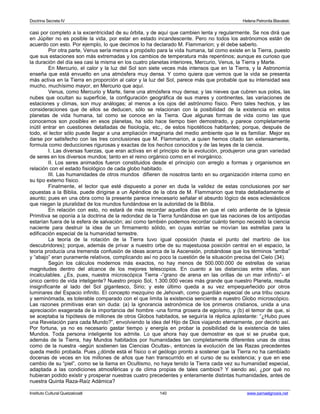 Doctrina Secreta IV Helena Petronila Blavatski 
casi por completo a la excentricidad de su órbita, y de aquí que cambien lenta y regularmente. Se nos dirá que 
en Júpiter no es posible la vida, por estar en estado incandescente. Pero no todos los astrónomos están de 
acuerdo con esto. Por ejemplo, lo que decimos lo ha declarado M. Flammarion; y él debe saberlo. 
Por otra parte, Venus sería menos a propósito para la vida humana, tal como existe en la Tierra, puesto 
que sus estaciones son más extremadas y los cambios de temperatura más repentinos; aunque es curioso que 
la duración del día sea casi la misma en los cuatro planetas interiores, Mercurio, Venus, la Tierra y Marte. 
En Mercurio, el calor y la luz del Sol son siete veces más intensos que en la Tierra, y la Astronomía 
enseña que está envuelto en una atmósfera muy densa. Y como quiera que vemos que la vida se presenta 
más activa en la Tierra en proporción al calor y la luz del Sol, parece más que probable que su intensidad sea 
mucho, muchísimo mayor, en Mercurio que aquí. 
Venus, como Mercurio y Marte, tiene una atmósfera muy densa; y las nieves que cubren sus polos, las 
nubes que ocultan su superficie, la configuración geográfica de sus mares y continentes, las variaciones de 
estaciones y climas, son muy análogas; al menos a los ojos del astrónomo físico. Pero tales hechos, y las 
consideraciones que de ellos se deducen, sólo se relacionan con la posibilidad de la existencia en estos 
planetas de vida humana, tal como se conoce en la Tierra. Que algunas formas de vida como las que 
conocemos son posibles en esos planetas, ha sido hace tiempo bien demostrado, y parece completamente 
inútil entrar en cuestiones detalladas de fisiología, etc., de estos hipotéticos habitantes; porque, después de 
todo, el lector sólo puede llegar a una ampliación imaginaria del medio ambiente que le es familiar. Mejor es 
darse por satisfecho con las tres conclusiones que M. Flammarion, a quien hemos citado tan extensamente, 
formula como deducciones rigurosas y exactas de los hechos conocidos y de las leyes de la ciencia. 
I. Las diversas fuerzas, que eran activas en el principio de la evolución, produjeron una gran variedad 
de seres en los diversos mundos; tanto en el reino orgánico como en el inorgánico. 
II. Los seres animados fueron constituidos desde el principio con arreglo a formas y organismos en 
relación con el estado fisiológico de cada globo habitado. 
III. Las humanidades de otros mundos difieren de nosotros tanto en su organización interna como en 
su tipo externo físico. 
Finalmente, el lector que esté dispuesto a poner en duda la validez de estas conclusiones por ser 
opuestas a la Biblia, puede dirigirse a un Apéndice de la obra de M. Flammarion que trata detalladamente el 
asunto; pues en una obra como la presente parece innecesario señalar el absurdo lógico de esos eclesiásticos 
que niegan la pluralidad de los mundos fundándose en la autoridad de la Biblia. 
En relación con esto, no estará de más recordar aquellos días en que el celo ardiente de la Iglesia 
Primitiva se oponía a la doctrina de la redondez de la Tierra fundándose en que las naciones de los antípodas 
estarían fuera de la esfera de salvación; así como también podemos recordar cuánto tiempo necesitó la ciencia 
naciente para destruir la idea de un firmamento sólido, en cuyas estrías se movían las estrellas para la 
edificación especial de la humanidad terrestre. 
La teoría de la rotación de la Tierra tuvo igual oposición (hasta el punto del martirio de los 
descubridores); porque, además de privar a nuestro orbe de su majestuosa posición central en el espacio, la 
teoría producía una tremenda confusión de ideas acerca de la Ascensión, probándose que los términos “arriba” 
y “abajo” eran puramente relativos, complicando así no poco la cuestión de la situación precisa del Cielo (34). 
Según los cálculos modernos más exactos, no hay menos de 500.000.000 de estrellas de varias 
magnitudes dentro del alcance de los mejores telescopios. En cuanto a las distancias entre ellas, son 
incalculables. ¿Es, pues, nuestra microscópica Tierra -”grano de arena en las orillas de un mar infinito”- el 
único centro de vida inteligente? Nuestro propio Sol, 1.300.000 veces más grande que nuestro Planeta, resulta 
insignificante al lado del Sol gigantesco, Sirio; y este último queda a su vez empequeñecido por otros 
luminares del Espacio infinito. El concepto mezquino de Jehovah, como guardián especial de una tribu oscura 
y seminómada, es tolerable comparado con el que limita la existencia senciente a nuestro Globo microscópico. 
Las razones primitivas eran sin duda: (a) la ignorancia astronómica de los primeros cristianos, unida a una 
apreciación exagerada de la importancia del hombre -una forma grosera de egoísmo, y (b) el temor de que, si 
se aceptaba la hipótesis de millones de otros Globos habitados, se seguiría la réplica aplastante: “¿Hubo pues 
una Revelación para cada Mundo?”, envolviendo la idea del Hijo de Dios viajando eternamente, por decirlo así. 
Por fortuna, ya no es necesario gastar tiempo y energía en probar la posibilidad de la existencia de tales 
Mundos. Toda persona inteligente los admite. Lo que ahora hay que demostrar es que si se prueba que, 
además de la Tierra, hay Mundos habitados por humanidades tan completamente diferentes unas de otras 
como de la nuestra -según sostienen las Ciencias Ocultas-, entonces la evolución de las Razas precedentes 
queda medio probada. Pues ¿dónde está el físico o el geólogo pronto a sostener que la Tierra no ha cambiado 
docenas de veces en los millones de años que han transcurrido en el curso de su existencia; y que en ese 
cambio de su “piel”, como se la llama en Ocultismo, no haya tenido la Tierra cada vez su humanidad especial, 
adaptada a las condiciones atmosféricas y de clima propias de tales cambios? Y siendo así, ¿por qué no 
hubieran podido existir y prosperar nuestras cuatro precedentes y enteramente distintas humanidades, antes de 
nuestra Quinta Raza-Raíz Adámica? 
Instituto Cultural Quetzalcoatl 140 www.samaelgnosis.net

::::

**GOAL OF THE EXERCISE**
The response consists of the data above printed line for line, with no pictures.

**RESPONSE**
 Doctrina Secreta IV Helena Petronila Blavatski 
casi por completo a la excentricidad de su órbita, y de aquí que cambien lenta y regularmente. Se nos dirá que 
en Júpiter no es posible la vida, por estar en estado incandescente. Pero no todos los astrónomos están de 
acuerdo con esto. Por ejemplo, lo que decimos lo ha declarado M. Flammarion; y él debe saberlo. 
Por otra parte, Venus sería menos a propósito para la vida humana, tal como existe en la Tierra, puesto 
que sus estaciones son más extremadas y los cambios de temperatura más repentinos; aunque es curioso que 
la duración del día sea casi la misma en los cuatro planetas interiores, Mercurio, Venus, la Tierra y Marte. 
En Mercurio, el calor y la luz del Sol son siete veces más intensos que en la Tierra, y la Astronomía 
enseña que está envuelto en una atmósfera muy densa. Y como quiera que vemos que la vida se presenta 
más activa en la Tierra en proporción al calor y la luz del Sol, parece más que probable que su intensidad sea 
mucho, muchísimo mayor, en Mercurio que aquí. 
Venus, como Mercurio y Marte, tiene una atmósfera muy densa; y las nieves que cubren sus polos, las 
nubes que ocultan su superficie, la configuración geográfica de sus mares y continentes, las variaciones de 
estaciones y climas, son muy análogas; al menos a los ojos del astrónomo físico. Pero tales hechos, y las 
consideraciones que de ellos se deducen, sólo se relacionan con la posibilidad de la existencia en estos 
planetas de vida humana, tal como se conoce en la Tierra. Que algunas formas de vida como las que 
conocemos son posibles en esos planetas, ha sido hace tiempo bien demostrado, y parece completamente 
inútil entrar en cuestiones detalladas de fisiología, etc., de estos hipotéticos habitantes; porque, después de 
todo, el lector sólo puede llegar a una ampliación imaginaria del medio ambiente que le es familiar. Mejor es 
darse por satisfecho con las tres conclusiones que M. Flammarion, a quien hemos citado tan extensamente, 
formula como deducciones rigurosas y exactas de los hechos conocidos y de las leyes de la ciencia. 
I. Las diversas fuerzas, que eran activas en el principio de la evolución, produjeron una gran variedad 
de seres en los diversos mundos; tanto en el reino orgánico como en el inorgánico. 
II. Los seres animados fueron constituidos desde el principio con arreglo a formas y organismos en 
relación con el estado fisiológico de cada globo habitado. 
III. Las humanidades de otros mundos difieren de nosotros tanto en su organización interna como en 
su tipo externo físico. 
Finalmente, el lector que esté dispuesto a poner en duda la validez de estas conclusiones por ser 
opuestas a la Biblia, puede dirigirse a un Apéndice de la obra de M. Flammarion que trata detalladamente el 
asunto; pues en una obra como la presente parece innecesario señalar el absurdo lógico de esos eclesiásticos 
que niegan la pluralidad de los mundos fundándose en la autoridad de la Biblia. 
En relación con esto, no estará de más recordar aquellos días en que el celo ardiente de la Iglesia 
Primitiva se oponía a la doctrina de la redondez de la Tierra fundándose en que las naciones de los antípodas 
estarían fuera de la esfera de salvación; así como también podemos recordar cuánto tiempo necesitó la ciencia 
naciente para destruir la idea de un firmamento sólido, en cuyas estrías se movían las estrellas para la 
edificación especial de la humanidad terrestre. 
La teoría de la rotación de la Tierra tuvo igual oposición (hasta el punto del martirio de los 
descubridores); porque, además de privar a nuestro orbe de su majestuosa posición central en el espacio, la 
teoría producía una tremenda confusión de ideas acerca de la Ascensión, probándose que los términos “arriba” 
y “abajo” eran puramente relativos, complicando así no poco la cuestión de la situación precisa del Cielo (34). 
Según los cálculos modernos más exactos, no hay menos de 500.000.000 de estrellas de varias 
magnitudes dentro del alcance de los mejores telescopios. En cuanto a las distancias entre ellas, son 
incalculables. ¿Es, pues, nuestra microscópica Tierra -”grano de arena en las orillas de un mar infinito”- el 
único centro de vida inteligente? Nuestro propio Sol, 1.300.000 veces más grande que nuestro Planeta, resulta 
insignificante al lado del Sol gigantesco, Sirio; y este último queda a su vez empequeñecido por otros 
luminares del Espacio infinito. El concepto mezquino de Jehovah, como guardián especial de una tribu oscura 
y seminómada, es tolerable comparado con el que limita la existencia senciente a nuestro Globo microscópico. 
Las razones primitivas eran sin duda: (a) la ignorancia astronómica de los primeros cristianos, unida a una 
apreciación exagerada de la importancia del hombre -una forma grosera de egoísmo, y (b) el temor de que, si 
se aceptaba la hipótesis de millones de otros Globos habitados, se seguiría la réplica aplastante: “¿Hubo pues 
una Revelación para cada Mundo?”, envolviendo la idea del Hijo de Dios viajando eternamente, por decirlo así. 
Por fortuna, ya no es necesario gastar tiempo y energía en probar la posibilidad de la existencia de tales 
Mundos. Toda persona inteligente los admite. Lo que ahora hay que demostrar es que si se prueba que, 
además de la Tierra, hay Mundos habitados por humanidades tan completamente diferentes unas de otras 
como de la nuestra -según sostienen las Ciencias Ocultas-, entonces la evolución de las Razas precedentes 
queda medio probada. Pues ¿dónde está el físico o el geólogo pronto a sostener que la Tierra no ha cambiado 
docenas de veces en los millones de años que han transcurrido en el curso de su existencia; y que en ese 
cambio de su “piel”, como se la llama en Ocultismo, no haya tenido la Tierra cada vez su humanidad especial, 
adaptada a las condiciones atmosféricas y de clima propias de tales cambios? Y siendo así, ¿por qué no 
hubieran podido existir y prosperar nuestras cuatro precedentes y enteramente distintas humanidades, antes de 
nuestra Quinta Raza-Raíz Adámica? 
Instituto Cultural Quetzalcoatl 140 www.samaelgnosis.net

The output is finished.